The archipelago of Juan Fernandez, more than 930 miles from the coast in the Pacific Ocean, was hit by a 15-meter tidal wave an hour after the earthquake, which its residents had barely felt. The tsunami there flooded several miles of Robinson Crusoe island, the only populated island, with 840 inhabitants. More than a dozen people died and more remain missing.

Entire towns along the coast have disappeared. Ruben Diaz, a forest technician from Concepcion who had arrived in Santiago the night before the earthquake, said that small fishing hamlets like Caleta Tumbes, in Talcahuano Bay, were completely obliterated.

“It has about 500 inhabitants, and most everyone was able to escape the waves by fleeing to the hillside. But they remain there — they have nowhere to go. Their town completely disappeared,” he said.

Diaz has had sporadic telephone communication with his wife, who remained in the large worker district in Concepcion where they live with their children. She said their neighborhood lacks water and electricity and the local supermarket was completely cleaned out of food on Saturday evening. Whatever was left was looted on Sunday morning.

With communications scarce and poor, people are flocking to bus terminals in Santiago to try to travel south to check on their relatives. However, no buses have been able to leave yet. The highways and bridges are damaged and there are numerous detours.

Monserrat Capdevila, a translator in Santiago, has barely received any news of her uncle, aunt and their three teenage children who live in a district on the outskirts of Concepcion, right past the bridge that connects that city to Talcahuano. One of the walls of their home crashed down during the earthquake and since then, the family has been living out of its car.

Their house is not only uninhabitable, it also lacks gas for cooking and heating, water and electricity. Communication with their relatives in Santiago has been sporadic and poor, and Capdevila worries about how they are getting by.

“There is only one supermarket near them and it was closed after the quake. Then it was completely looted so there is nothing there anymore. I don't know what or how they are eating, and my uncle is a diabetic,” she said.

Her uncle was hospitalized Friday night in Concepcion and spent the earthquake alone in the hospital. One of his sons went to get him the following morning and found his father standing in the hallway connected to a bag of serum. There were no beds or stretchers available.

“We don't know how they will live. Going to Concepcion or Talcahuano is useless, because there is nothing there anymore,” said Capdevila.

Meanwhile, an expert rescue force that recently assisted in efforts in Haiti flew to Concepcion on Sunday to try to rescue some 50 people still trapped in a 15-story building that crumbled to the ground. The building — which opened just last year— collapsed to three floors.

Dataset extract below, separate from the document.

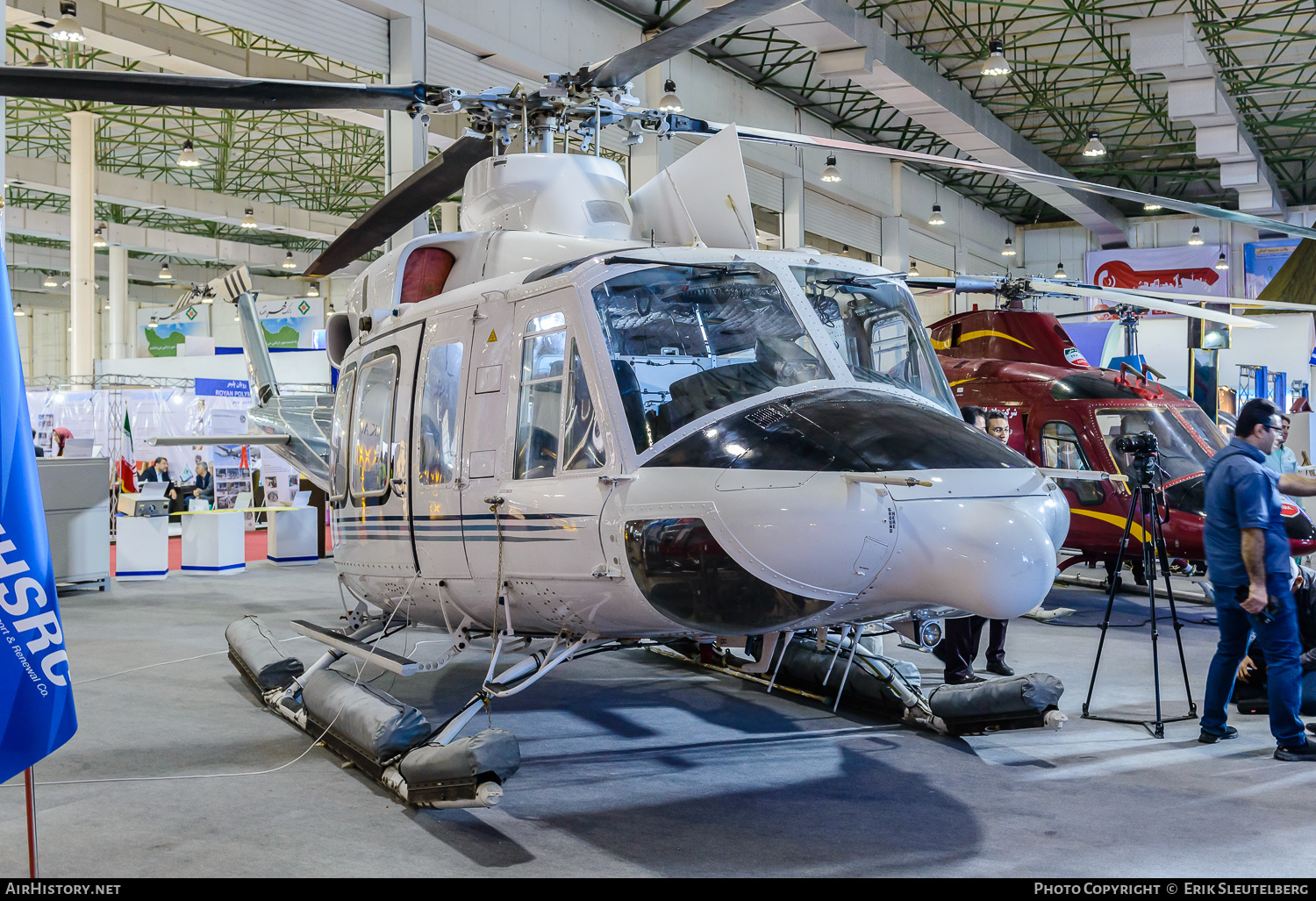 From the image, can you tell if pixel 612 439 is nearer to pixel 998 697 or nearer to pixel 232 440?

In Santiago, a number of new apartment buildings in the Maipu district are in danger of falling down or have been rendered too dangerous to inhabit. The apartments were brand new, and only half of them had been sold. Their owners are outraged and since Saturday have been sleeping on the street, waiting for some explanation from the construction firm.

On Sunday evening, a newly constructed building in the Nunoa district was evacuated for fear it would collapse. In other areas of Santiago similar situations are taking place, suggesting building contractors have been lax about regulations. Theere are strict construction codes in place to make all installations resistant to tremors.

There is already talk of taking these firms to court once the emergency is over.